Книга: Кровоцвет
Назад: 17
Дальше: 19

18

На следующий день в сумерках Ксан пришел к моему домику. У него за спиной был мешок, а в руке – фонарь. У меня же не было ничего, кроме нескольких нацарапанных записок и трепещущего сердца.
– Я взял то, о чем ты просила, у Фалады, – сказал он, – и заодно увидел, что ты с ней сделала. Ее не узнать.
– Мне нужна была практика. Я подумала, что неплохо начать с этого.
– Думаешь, ты готова?
– Конечно нет, – ответила я. – Но разве у меня есть выбор?
– Конечно нет, – эхом ответил он и робко улыбнулся.
Наступила та самая ночь. Мы собирались укрепить Высшие Врата, установив Фаладу в виде символической замены одного из эмпирейцев, уже потерянного. С помощью записей, в которых сообщалось, как проводились первоначальные ритуалы, я составила из фрагментов новое заклинание. Мне бы хотелось иметь в своем распоряжении больше времени, но сегодня был десятый день месяца. И чтобы совершить это действо, маг крови должен приступить к нему сейчас или никогда.
Мы шли сквозь густой лес мимо старого русла ручья, пока не оказались у основания стены.
– Где-то здесь, наверху, должна быть лестница, – сказал он, двигаясь вдоль каменной кладки. – Ею никто не пользуется. Вот она.
Ксан оказался прав: мы увидели очень узкую лестницу, не более двух футов шириной, которая, если смотреть снизу, сливалась со стеной. Он стал решительно подниматься по ступенькам.
Я почувствовала, как мной овладевает тревога. Что, если я ошибаюсь? Что, если в итоге мне не удастся сделать все необходимое? Мне хотелось бежать, спешить, поскорее взяться за дело, но я застряла на лестнице позади Ксана, а он, как ни странно, никуда не торопился.
– Похоже, ты знаешь множество тайных ходов, – заметила я.
– Я провел много времени, пытаясь понять, как избежать встреч с людьми. Я достаточно всего исследовал.
– В это трудно поверить, – сухо заметила я. – Ты прекрасно ладишь с людьми.

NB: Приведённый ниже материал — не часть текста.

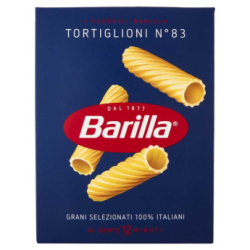 ПАСТА BARILLA TORTIGLIONI N°83, 500 Г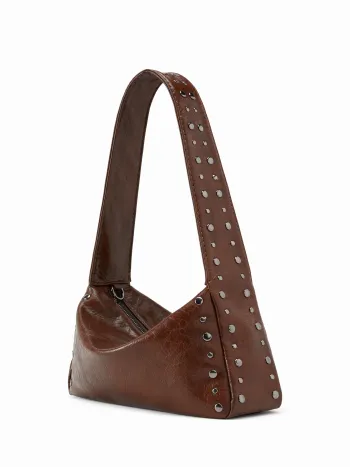 Round Neckline Tiered Hem Mini Dress With Studded Belt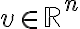 v\in \mathbb{R}^n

Наверху стена была шести футов в толщину, плоский проход был зажат между бойницами. Здесь мелькали обрывки древних теней повстанцев, солдаты, запускающие призрачные стрелы в призрачную армию внизу. Я старалась не наступить ни на одного из тусклых призраков, которые как мусор валялись под ногами, пока мы поднимались по самому крутому подъему стены, направляясь на север. Мы часто останавливались, и Ксан волновался, что я иду слишком быстро и что рана у меня на боку вот-вот откроется. Разумеется, его это беспокоило; он хотел, чтобы я истекала кровью лишь тогда, когда того потребует случай.
Дальний восточный отрезок стены был встроен непосредственно в склон горы. Деревья редели по мере того, как стена поднималась вверх, и теперь она упиралась не в землю, а в твердый фундамент. Сквозь высокие облака просачивался лунный свет, бросая на землю тонкие полосы: идеальное сочетание света и тьмы. Нарастал низкий рев, и я почувствовала, как под ногами мягко завибрировал камень.
– Что это за звук? – спросила я.
– Сама посмотри. – Он перегнулся через край внутренних зубчатых стен и указал вниз.
Двадцатифутовая стена выстроилась в идеальную линию с самим краем обрыва, расположенным на головокружительной высоте. Прямо под нами ревел водный поток, устремлявшийся вниз по краю скалы и исчезавший в темной полосе леса у ее основания. За ним мелькали мягкие огни города. Единственное, что возвышалось над нами, – это мрачная и одинокая башня. Мое сердце забилось чаще.
– Аклев знал, что, возведя стену, он защитит нас от дождя, но он не хотел полностью лишить нас свежей воды. Ворота должны были оставаться единственными способами попасть в город, поэтому… он использовал толщу самой скалы. Проделал в ней отверстия, достаточно большие для того, чтобы пропускать воду, но слишком маленькие, чтобы поставить под угрозу устойчивость горы или чтобы по ним в город могли пробраться правонарушители. Итак, что ты думаешь?
Мы решили, что слишком рискованно произносить столь серьезное заклинание под самими Высшими Вратами, когда вокруг так много людей, и потому я предложила использовать ту часть стены, где встреча с возможными свидетелями была менее вероятна. Теперь, глядя вниз с ужасающей высоты, я подумала, что, наверное, лучше было бы смириться с присутствием зрителей.
Нервно сглотнув, я кивнула.
– Придется это сделать.
Ксан снял со спины мешок и достал из него предметы, необходимые для проведения обряда. Мел. Чашу. Фонарь. И, наконец, прядь с гривы Фалады, которая снова стала серебристо-белой, отделившись от тела лошади и тем самым избавившись от моего заклинания маскировки.
Ксан взял мел и быстрым уверенным движением нарисовал на камне трехконечный узел-трилистник, который я теперь узнавала благодаря полной версии Compendium. Когда он закончил, я сбросила башмаки и босиком встала в его центр – осторожно, чтобы не стереть линии.
Глубоко вздохнув, я сказала:
– Мне нужен нож.
– Я об этом позаботился. – Ксан извлек из нагрудного кармана что-то похожее на миниатюрный кинжал. От рукояти до кончика лезвия нож был как раз длиной с мою ладонь. Надписи на футляре были неразборчивы, но в центре орнамента я разглядела другой трилистник. Ксан снял футляр, и я с изумлением обнаружила, что лезвие у ножа стеклянное, а не металлическое.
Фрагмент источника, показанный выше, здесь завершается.